Fig. 6. Fluorescence lifetime imaging of mTurquoise2 and EGFP donors using pFAST as acceptor in FRET experiments.

a Model illustrating the FRET experiments of mTurquoise2-pFAST and EGFP-pFAST tandems before and after addition of HBR-3,5DOM or HBIR-3M chromophores. b–e Representative fluorescence (left panels) and relative lifetime images (right panels) of live U2OS cells expressing b, c mTurquoise2-pFAST and d, e EGFP-pFAST before and after addition of imaging buffer, 10 μM of HBR-3,5DOM or 10 μM of dark chromophore HBIR-3M (mTurquoise2 and EGFP channels). Experiments were repeated eight times with similar results. The box plots in c and e show the variation of the lifetime of the donor (ΔLifetime) calculated per cell after addition of chromophores (n = 8 cells). Whiskers represent the highest and lowest values. f Model illustrating the mode of action of the autophosphorylated AURKA biosensor. The complete sequence of AURKA is located between the donor (mTurquoise2) and the acceptor (pFAST). When AURKA is autophosphorylated on Thr288, the kinase brings mTurquoise2 and pFAST in close proximity allowing FRET detection after addition of chromophores. Of note, the real three-dimensional orientations of the two reporters are not known. g, h Representative fluorescence (left panels) and relative lifetime images (right panels) of live U2OS cells synchronized in mitosis expressing mTurquoise2-AURKA-pFAST after g sequential addition of 1 μM of HBR-3,5DOM and 10 μM of dark-competitor HBIR-3M and h simple addition of 10 μM HBIR-3M (mTurquoise2 channel). Experiments were repeated six times with similar results. i–k The graphs show mTurquoise2 donor i relative lifetime per cell (median values are reported) and j, k ΔLifetime calculated per cell after addition of chromophores (n = 6 cells, box plots with whiskers representing the highest and lowest values). b, d, g, h All scale bars are 10 μm. The artificial ‘fire’ color represents pixel-by-pixel lifetimes. See Supplementary Table 13 for imaging settings. Source data for graphs are provided as a Source Data file.

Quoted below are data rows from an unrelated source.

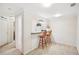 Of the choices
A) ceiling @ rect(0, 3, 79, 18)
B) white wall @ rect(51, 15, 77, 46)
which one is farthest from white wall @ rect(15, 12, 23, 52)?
white wall @ rect(51, 15, 77, 46)

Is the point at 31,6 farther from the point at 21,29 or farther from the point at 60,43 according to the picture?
the point at 60,43

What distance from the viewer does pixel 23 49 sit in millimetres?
1515

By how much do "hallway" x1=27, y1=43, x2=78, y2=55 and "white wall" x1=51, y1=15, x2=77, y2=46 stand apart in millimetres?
90

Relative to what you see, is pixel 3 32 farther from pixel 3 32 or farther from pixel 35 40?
pixel 35 40

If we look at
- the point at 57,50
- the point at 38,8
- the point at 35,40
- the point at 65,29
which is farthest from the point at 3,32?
the point at 65,29

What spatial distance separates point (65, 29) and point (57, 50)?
42cm

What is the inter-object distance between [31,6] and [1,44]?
88 centimetres

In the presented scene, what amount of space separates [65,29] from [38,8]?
64 cm

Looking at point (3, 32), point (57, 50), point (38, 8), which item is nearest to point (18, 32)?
point (3, 32)

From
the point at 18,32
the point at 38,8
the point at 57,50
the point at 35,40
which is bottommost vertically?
the point at 57,50

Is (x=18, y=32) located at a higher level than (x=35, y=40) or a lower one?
higher

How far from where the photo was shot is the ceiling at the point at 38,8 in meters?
1.47

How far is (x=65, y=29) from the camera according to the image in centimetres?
155

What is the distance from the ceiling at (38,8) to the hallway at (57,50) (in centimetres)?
62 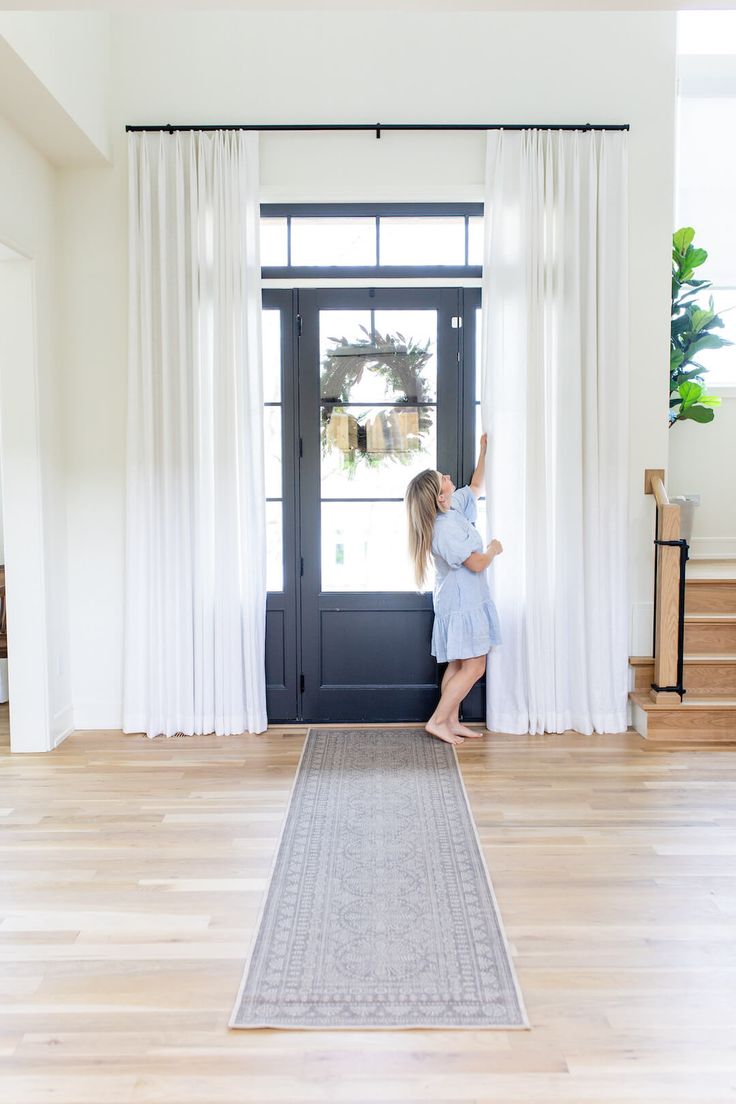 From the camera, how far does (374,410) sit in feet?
16.0

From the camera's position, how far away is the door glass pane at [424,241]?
4.79m

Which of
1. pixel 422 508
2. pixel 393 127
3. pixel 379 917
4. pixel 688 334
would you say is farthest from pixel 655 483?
pixel 379 917

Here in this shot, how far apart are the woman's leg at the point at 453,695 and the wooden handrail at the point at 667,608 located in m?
0.95

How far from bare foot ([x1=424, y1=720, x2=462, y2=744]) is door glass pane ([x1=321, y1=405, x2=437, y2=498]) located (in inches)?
51.7

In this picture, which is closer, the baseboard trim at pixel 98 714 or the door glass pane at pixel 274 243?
the door glass pane at pixel 274 243

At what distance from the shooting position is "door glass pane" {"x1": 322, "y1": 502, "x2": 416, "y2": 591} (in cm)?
490

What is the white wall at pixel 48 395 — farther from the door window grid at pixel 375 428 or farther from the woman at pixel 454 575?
the woman at pixel 454 575

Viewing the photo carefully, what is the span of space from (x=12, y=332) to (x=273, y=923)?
3255 millimetres

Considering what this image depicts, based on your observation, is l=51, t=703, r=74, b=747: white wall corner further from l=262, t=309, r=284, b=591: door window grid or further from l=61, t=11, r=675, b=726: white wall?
l=61, t=11, r=675, b=726: white wall

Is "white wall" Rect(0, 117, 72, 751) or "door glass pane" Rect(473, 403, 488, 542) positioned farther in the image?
"door glass pane" Rect(473, 403, 488, 542)

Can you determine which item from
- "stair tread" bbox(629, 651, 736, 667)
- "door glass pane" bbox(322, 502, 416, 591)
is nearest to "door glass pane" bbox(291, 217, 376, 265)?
"door glass pane" bbox(322, 502, 416, 591)

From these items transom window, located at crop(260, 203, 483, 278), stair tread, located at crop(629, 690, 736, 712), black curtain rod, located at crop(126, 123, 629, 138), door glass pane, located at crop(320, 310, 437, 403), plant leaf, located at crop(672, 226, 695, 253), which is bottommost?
stair tread, located at crop(629, 690, 736, 712)

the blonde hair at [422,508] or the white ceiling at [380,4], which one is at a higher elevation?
the white ceiling at [380,4]

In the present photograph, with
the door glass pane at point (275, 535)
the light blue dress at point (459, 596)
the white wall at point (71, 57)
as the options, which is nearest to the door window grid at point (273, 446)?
the door glass pane at point (275, 535) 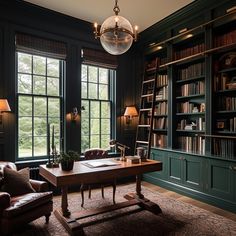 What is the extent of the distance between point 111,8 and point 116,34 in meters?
1.67

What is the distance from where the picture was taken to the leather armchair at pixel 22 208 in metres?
2.31

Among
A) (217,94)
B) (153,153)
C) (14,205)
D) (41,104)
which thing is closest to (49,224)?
(14,205)

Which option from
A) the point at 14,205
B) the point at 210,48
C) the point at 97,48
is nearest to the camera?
the point at 14,205

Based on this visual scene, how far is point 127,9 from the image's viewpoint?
383 cm

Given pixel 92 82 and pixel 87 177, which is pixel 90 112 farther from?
pixel 87 177

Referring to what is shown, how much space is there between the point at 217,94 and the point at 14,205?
3.40m

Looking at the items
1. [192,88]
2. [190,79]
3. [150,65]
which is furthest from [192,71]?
[150,65]

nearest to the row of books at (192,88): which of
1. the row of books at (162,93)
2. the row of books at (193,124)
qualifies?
the row of books at (162,93)

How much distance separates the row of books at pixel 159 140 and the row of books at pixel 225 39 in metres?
2.06

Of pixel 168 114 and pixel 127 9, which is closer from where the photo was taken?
pixel 127 9

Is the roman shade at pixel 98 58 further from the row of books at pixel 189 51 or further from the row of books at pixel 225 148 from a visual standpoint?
the row of books at pixel 225 148

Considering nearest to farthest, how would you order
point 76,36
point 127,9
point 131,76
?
point 127,9 < point 76,36 < point 131,76

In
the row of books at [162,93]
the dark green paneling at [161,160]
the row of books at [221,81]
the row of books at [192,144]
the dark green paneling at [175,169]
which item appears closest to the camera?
the row of books at [221,81]

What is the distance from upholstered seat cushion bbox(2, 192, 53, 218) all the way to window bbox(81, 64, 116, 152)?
185cm
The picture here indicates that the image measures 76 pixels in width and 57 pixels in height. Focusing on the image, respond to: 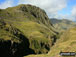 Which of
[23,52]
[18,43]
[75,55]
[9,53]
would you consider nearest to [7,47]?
[9,53]

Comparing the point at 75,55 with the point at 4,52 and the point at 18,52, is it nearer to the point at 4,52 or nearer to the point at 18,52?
the point at 4,52

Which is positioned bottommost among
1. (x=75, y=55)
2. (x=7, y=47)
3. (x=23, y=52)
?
(x=23, y=52)

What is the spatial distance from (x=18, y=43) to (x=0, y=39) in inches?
1139

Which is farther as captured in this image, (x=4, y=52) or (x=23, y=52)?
(x=23, y=52)

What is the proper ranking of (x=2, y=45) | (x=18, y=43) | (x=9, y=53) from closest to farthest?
(x=2, y=45) → (x=9, y=53) → (x=18, y=43)

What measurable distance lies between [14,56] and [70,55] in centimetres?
11670

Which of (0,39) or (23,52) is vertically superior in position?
(0,39)

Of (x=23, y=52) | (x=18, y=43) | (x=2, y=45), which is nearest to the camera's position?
(x=2, y=45)

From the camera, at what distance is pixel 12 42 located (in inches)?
5610

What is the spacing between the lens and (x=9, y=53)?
454 feet

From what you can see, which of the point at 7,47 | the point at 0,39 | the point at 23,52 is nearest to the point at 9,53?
the point at 7,47

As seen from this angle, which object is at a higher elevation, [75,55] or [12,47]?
[75,55]

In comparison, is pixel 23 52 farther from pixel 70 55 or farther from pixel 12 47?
pixel 70 55

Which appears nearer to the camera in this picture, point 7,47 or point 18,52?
point 7,47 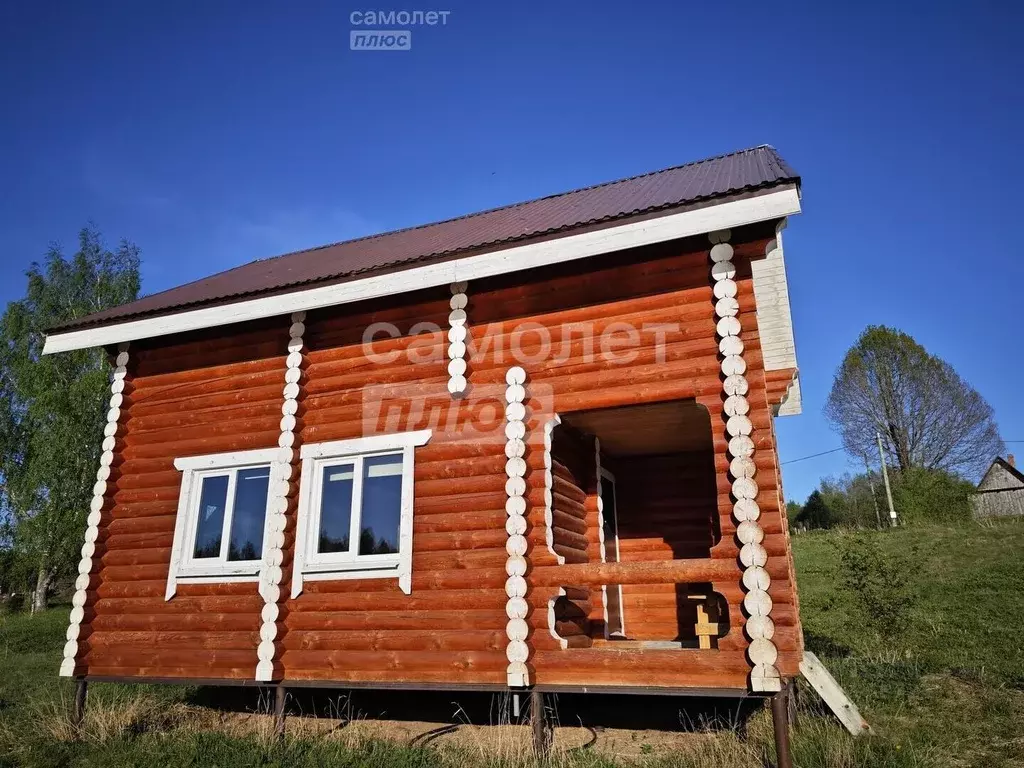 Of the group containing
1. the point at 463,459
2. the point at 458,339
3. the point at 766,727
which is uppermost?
the point at 458,339

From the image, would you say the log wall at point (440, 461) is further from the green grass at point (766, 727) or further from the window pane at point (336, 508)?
the green grass at point (766, 727)

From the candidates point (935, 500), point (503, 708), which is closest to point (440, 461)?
point (503, 708)

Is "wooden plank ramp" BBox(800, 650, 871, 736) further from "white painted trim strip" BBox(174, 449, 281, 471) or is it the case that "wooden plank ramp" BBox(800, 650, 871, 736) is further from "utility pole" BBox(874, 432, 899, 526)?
"utility pole" BBox(874, 432, 899, 526)

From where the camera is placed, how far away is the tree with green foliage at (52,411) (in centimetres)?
2244

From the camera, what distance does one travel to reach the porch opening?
7.92 metres

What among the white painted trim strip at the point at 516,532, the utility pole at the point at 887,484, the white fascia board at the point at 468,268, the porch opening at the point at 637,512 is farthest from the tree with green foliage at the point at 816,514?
the white fascia board at the point at 468,268

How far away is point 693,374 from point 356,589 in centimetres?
438

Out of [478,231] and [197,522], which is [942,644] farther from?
[197,522]

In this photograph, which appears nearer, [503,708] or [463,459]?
[463,459]

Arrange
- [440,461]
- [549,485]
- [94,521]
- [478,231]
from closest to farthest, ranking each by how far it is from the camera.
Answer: [549,485]
[440,461]
[94,521]
[478,231]

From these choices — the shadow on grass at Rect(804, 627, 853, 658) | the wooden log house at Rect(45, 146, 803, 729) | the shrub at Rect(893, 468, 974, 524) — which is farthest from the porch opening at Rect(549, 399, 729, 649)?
the shrub at Rect(893, 468, 974, 524)

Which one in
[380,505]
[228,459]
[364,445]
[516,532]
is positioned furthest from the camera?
[228,459]

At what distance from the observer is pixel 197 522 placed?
28.3 feet

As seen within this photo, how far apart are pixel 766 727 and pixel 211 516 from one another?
6.89m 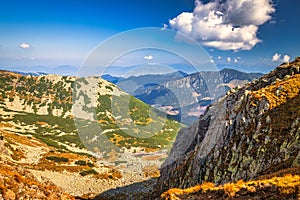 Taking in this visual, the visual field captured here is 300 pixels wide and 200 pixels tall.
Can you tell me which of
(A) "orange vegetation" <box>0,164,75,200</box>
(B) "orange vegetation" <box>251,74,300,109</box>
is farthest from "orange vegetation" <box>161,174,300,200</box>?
(B) "orange vegetation" <box>251,74,300,109</box>

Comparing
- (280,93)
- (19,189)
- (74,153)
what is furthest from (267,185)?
(74,153)

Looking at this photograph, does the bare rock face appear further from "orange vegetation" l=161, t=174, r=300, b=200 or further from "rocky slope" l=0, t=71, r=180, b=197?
"rocky slope" l=0, t=71, r=180, b=197

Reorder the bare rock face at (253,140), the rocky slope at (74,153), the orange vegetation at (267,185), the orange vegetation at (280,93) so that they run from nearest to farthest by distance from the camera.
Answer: the orange vegetation at (267,185) < the bare rock face at (253,140) < the orange vegetation at (280,93) < the rocky slope at (74,153)

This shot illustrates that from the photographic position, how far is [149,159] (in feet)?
478

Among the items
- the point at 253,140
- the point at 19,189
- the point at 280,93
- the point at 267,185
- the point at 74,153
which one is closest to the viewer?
the point at 267,185

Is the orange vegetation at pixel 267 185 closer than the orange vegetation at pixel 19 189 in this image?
Yes

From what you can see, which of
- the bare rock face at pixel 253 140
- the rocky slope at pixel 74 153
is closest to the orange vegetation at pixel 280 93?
the bare rock face at pixel 253 140

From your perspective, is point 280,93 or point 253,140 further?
point 280,93

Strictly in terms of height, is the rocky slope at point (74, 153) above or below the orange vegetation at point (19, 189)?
below

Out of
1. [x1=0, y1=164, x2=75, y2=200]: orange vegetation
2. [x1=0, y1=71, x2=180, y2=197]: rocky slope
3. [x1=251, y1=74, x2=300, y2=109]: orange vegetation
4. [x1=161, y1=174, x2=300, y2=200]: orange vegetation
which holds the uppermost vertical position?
[x1=251, y1=74, x2=300, y2=109]: orange vegetation

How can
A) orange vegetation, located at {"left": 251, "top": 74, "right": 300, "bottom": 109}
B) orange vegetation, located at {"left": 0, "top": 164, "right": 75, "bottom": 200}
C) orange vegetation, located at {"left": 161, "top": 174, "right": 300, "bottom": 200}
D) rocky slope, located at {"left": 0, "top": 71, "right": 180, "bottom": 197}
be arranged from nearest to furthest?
orange vegetation, located at {"left": 161, "top": 174, "right": 300, "bottom": 200}, orange vegetation, located at {"left": 0, "top": 164, "right": 75, "bottom": 200}, orange vegetation, located at {"left": 251, "top": 74, "right": 300, "bottom": 109}, rocky slope, located at {"left": 0, "top": 71, "right": 180, "bottom": 197}

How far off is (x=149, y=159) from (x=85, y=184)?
2655 inches

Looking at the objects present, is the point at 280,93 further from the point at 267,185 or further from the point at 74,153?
the point at 74,153

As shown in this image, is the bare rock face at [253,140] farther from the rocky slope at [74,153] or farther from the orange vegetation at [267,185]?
the rocky slope at [74,153] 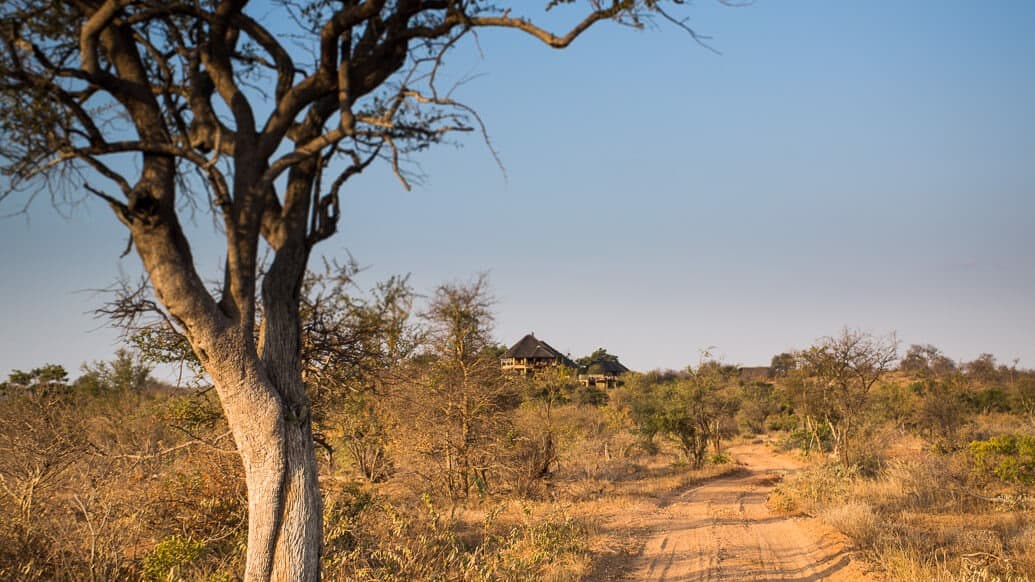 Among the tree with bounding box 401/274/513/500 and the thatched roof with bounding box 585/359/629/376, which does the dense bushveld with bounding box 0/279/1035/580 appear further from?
the thatched roof with bounding box 585/359/629/376

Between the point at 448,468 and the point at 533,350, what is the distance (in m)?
22.9

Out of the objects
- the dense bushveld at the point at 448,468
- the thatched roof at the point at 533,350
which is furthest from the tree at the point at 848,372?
the thatched roof at the point at 533,350

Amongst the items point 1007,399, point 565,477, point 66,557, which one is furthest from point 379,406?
point 1007,399

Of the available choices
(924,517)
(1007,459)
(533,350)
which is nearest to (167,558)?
(924,517)

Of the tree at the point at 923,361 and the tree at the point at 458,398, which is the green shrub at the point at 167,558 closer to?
the tree at the point at 458,398

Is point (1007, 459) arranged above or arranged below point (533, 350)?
below

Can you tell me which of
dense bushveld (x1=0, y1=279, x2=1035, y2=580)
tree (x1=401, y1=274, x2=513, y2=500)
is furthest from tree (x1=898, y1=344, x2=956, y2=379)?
tree (x1=401, y1=274, x2=513, y2=500)

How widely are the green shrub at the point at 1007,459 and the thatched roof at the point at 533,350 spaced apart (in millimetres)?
22502

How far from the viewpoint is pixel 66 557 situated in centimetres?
515

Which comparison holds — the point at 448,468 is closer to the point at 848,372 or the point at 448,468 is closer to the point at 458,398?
the point at 458,398

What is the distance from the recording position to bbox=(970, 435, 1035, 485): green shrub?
35.3ft

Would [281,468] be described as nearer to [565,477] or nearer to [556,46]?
[556,46]

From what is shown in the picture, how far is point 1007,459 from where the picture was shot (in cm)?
1087

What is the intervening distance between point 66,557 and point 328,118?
4.39 metres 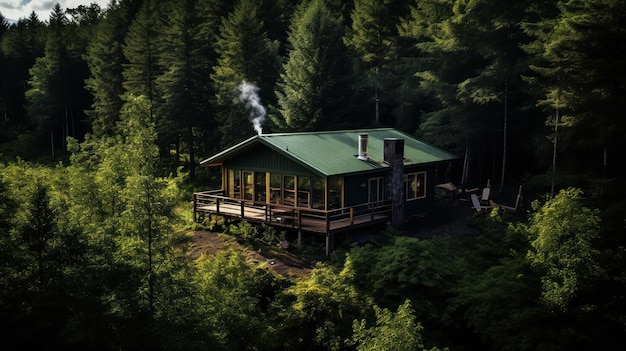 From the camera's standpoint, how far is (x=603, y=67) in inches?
752

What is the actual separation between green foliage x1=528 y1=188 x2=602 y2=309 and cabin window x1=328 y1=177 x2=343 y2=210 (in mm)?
10022

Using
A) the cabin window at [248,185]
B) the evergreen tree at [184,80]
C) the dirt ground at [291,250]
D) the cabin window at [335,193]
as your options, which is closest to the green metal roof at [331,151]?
the cabin window at [335,193]

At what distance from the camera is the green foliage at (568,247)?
1437cm

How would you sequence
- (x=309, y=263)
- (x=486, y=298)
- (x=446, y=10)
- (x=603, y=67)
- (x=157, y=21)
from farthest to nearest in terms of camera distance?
(x=157, y=21) → (x=446, y=10) → (x=309, y=263) → (x=603, y=67) → (x=486, y=298)

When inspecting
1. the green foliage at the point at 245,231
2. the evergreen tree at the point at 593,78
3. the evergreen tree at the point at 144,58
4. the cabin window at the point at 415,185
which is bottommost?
the green foliage at the point at 245,231

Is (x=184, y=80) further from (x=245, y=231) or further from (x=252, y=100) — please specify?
(x=245, y=231)

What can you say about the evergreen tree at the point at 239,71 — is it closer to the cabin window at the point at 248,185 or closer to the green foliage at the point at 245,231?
the cabin window at the point at 248,185

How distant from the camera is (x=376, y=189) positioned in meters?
25.0

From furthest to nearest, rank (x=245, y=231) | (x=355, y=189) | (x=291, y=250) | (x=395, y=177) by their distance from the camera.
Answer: (x=395, y=177)
(x=355, y=189)
(x=245, y=231)
(x=291, y=250)

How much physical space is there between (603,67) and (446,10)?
19.0 metres

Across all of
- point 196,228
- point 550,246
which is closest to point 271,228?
point 196,228

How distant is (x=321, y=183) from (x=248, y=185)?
4.49 metres

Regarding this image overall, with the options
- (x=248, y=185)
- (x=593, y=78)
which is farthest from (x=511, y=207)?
(x=248, y=185)

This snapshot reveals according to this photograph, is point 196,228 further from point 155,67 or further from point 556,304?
point 155,67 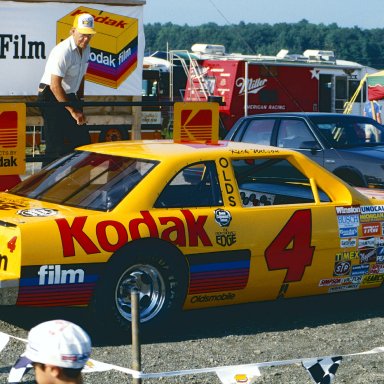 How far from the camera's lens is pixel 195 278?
759 centimetres

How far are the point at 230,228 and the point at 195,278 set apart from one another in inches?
17.1

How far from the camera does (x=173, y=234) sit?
7500 millimetres

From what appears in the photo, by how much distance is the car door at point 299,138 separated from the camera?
14383 mm

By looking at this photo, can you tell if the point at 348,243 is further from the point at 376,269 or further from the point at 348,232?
the point at 376,269

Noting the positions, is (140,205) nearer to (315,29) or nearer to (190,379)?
(190,379)

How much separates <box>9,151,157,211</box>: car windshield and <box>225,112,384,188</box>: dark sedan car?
6.22 m

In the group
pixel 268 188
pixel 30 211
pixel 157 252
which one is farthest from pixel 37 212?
pixel 268 188

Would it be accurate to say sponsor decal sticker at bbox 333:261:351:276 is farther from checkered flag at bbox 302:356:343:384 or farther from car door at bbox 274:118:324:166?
car door at bbox 274:118:324:166

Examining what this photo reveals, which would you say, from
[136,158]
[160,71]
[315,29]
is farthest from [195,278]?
[315,29]

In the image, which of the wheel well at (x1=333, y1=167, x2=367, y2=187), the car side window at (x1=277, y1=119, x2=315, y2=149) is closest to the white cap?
the wheel well at (x1=333, y1=167, x2=367, y2=187)

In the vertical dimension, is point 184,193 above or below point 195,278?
above

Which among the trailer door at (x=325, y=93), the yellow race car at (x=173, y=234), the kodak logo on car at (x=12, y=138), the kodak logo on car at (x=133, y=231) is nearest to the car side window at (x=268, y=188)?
the yellow race car at (x=173, y=234)

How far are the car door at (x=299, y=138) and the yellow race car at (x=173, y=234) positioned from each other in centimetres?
561

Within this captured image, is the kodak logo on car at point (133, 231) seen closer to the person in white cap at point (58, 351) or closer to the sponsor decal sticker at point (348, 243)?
the sponsor decal sticker at point (348, 243) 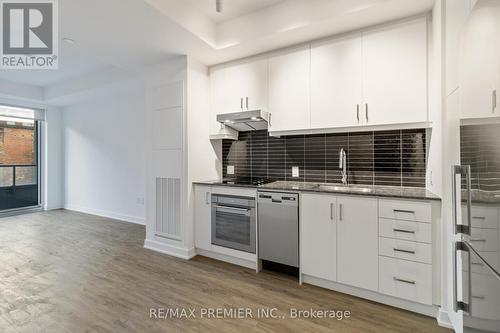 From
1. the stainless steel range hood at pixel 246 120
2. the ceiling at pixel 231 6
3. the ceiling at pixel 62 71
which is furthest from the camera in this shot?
the ceiling at pixel 62 71

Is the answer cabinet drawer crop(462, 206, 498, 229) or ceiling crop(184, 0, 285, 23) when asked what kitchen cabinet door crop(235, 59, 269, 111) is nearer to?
ceiling crop(184, 0, 285, 23)

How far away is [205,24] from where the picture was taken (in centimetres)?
284

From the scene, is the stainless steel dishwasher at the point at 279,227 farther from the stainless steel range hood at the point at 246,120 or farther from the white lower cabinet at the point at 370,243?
the stainless steel range hood at the point at 246,120

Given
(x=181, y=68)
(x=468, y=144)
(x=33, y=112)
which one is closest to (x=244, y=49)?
(x=181, y=68)

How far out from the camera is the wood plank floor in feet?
6.04

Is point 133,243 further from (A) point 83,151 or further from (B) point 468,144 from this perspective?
(B) point 468,144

Fig. 7. STED nanoscopy of pFAST-tagged proteins in live mammalian cells.

a–h Confocal and STED micrographs of live HeLa cells expressing a–d Lyn11-pFAST and e–h MAP4-pFAST. The graphs d, h show gain in resolution. Experiments with Lyn11-pFAST and MAP4-pFAST were repeated ten and 15 times, respectively, with similar results. i–k Two-color confocal and STED micrographs of live HeLa cells expressing MAP4-pFAST (green) and labeled with 1 μM Silicon-Rhodamine (SiR)-actin (magenta) using a single 775 nm depletion laser. Experiment was repeated ten times with similar results. Cells were treated with 10 μM HBR-3,5DOM before imaging. All scale bars are 5 μm (see Supplementary Table 13 for imaging settings). Source data for graphs are provided as a Source Data file.

Fig. 8. STED nanoscopy of pFAST-tagged proteins in live neurons and astrocytes.

a, b Confocal and STED micrographs of live dissociated hippocampal neuron expressing LifeAct-pFAST. c, d Confocal and STED micrographs of a neurite growth cone expressing LifeAct-pFAST. e–g Confocal and STED micrographs of a live astrocyte expressing MAP4-pFAST. Cells were treated with 10 μM of HBR-3,5DOM before imaging. Experiments with LifeAct-pFAST and MAP4-pFAST were repeated 10 and 20 times, respectively, with similar results. The graphs show gain in resolution. All scale bars are 5 μm, except the one in e that is 20 μm. a–g See Supplementary Table 13 for imaging settings. Source data for graphs are provided as a Source Data file.